National Public Radio yesterday announced that its deficit now stands at $6.5 million as auditors reporting on the first seven months of the current fiscal year warned that NPR may have to shut down.
Myron Jones, chairman of the NPR board, disputed the gloomy forecast at a press conference, saying, "We are wounded, if you will, but we are not mortally wounded. We will survive."
A further report forecasting the results for the rest of fiscal '83 is due next week.
The audit, conducted by Coopers & Lybrand, reported a net loss of $4.5 million for the period from Oct. 1, 1982 (the beginning of the fiscal year) to April 30, l983. The audit disclosed a working capital deficit of $6.5 million and an overall deficit of $1.2 million.
Said Jerry Strong, a partner in the auditing firm, "These factors, among others, indicate that the National Public Radio Inc. and subsidiary may be unable to continue in existence."
The audit team emphasized that NPR owes a number of creditors, as well as the federal government, money which, "if demanded, could not be presently satisfied by NPR."
Ronald Bornstein, acting chief officer of NPR, sounded much more optimistic: "The task ahead will not be easy but the task ahead is well worth it."
The most serious abuse disclosed by the audit was the deliberate use of federal and state withholding taxes, totaling $850,000, to fund the deficit. Jones said "the decision was made to defer taxes and wait for the cash flow to pick up, so in effect it was a holding over. It is not a good decision. The government frowns on it."
No one would say if any individual would be held responsible for that and other accounting irregularities, but Jones said "questions of members of management" would be taken up at next week's full board meeting.
Frank Mankiewicz, the former president of NPR, said he was first told of the witholding-tax abuses on June 2.
Jones also described a $9,000 salary advance Mankiewicz had received as an "interest-free loan." Because of a salary freeze, the NPR board gave Mankiewicz an advance in lieu of a raise that they had approved for him. When salary increases went into effect in January, Mankiewicz began to pay back the advance.
A series of irregularities and errors in the budgeting system, mainly stemming from undisciplined or nonexistent internal accounting controls, were cited. Strong said the "inability of the accounting system to produce timely and accurate reports" went beyond the seven-month period under study. He cited late billing of $320,000 to satellite customers.
The lack of controls, said officials, led to faulty recording of expenses, such as $800,000 for "travel and entertainment." Further, "American Express card usage was poorly monitored."
Jones has ordered all cards returned.
Until a full financial picture is available, said Bornstein, no exact measures for retiring the deficit or future fundraising can be implemented.

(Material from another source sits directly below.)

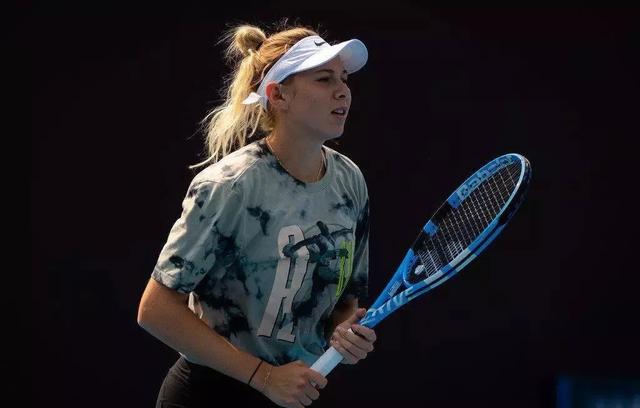 在这个背景 在这个背景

Jones said, "We know we need loans and grants, know we need backup from CPB Corporation for Public Broadcasting , we need an accurate and sound financial system."
In an effort to solve the financial crisis, which officials said was caused by a reduction in federal funds and declining general revenues, NPR has cut its work force by 154 people, reduced its budget from $26 million to $17 million, eliminated the news portions of the NPR Plus package and The Sunday Show, whittled the arts and performance staff to a skeleton crew and targeted popular programs such as "Jazz Alive" for elimination after Sept. 30. Officials said they didn't foresee further staff cuts.
Yesterday, NPR officials said 88 percent of the stations were responding positively to a request from NPR that they transfer funds from CPB grants to the network.
NPR is paying $110,000 for the audit and $300,000 to $500,000 for the interim management team, Bornstein said. Those costs will be reflected in the May to September budget.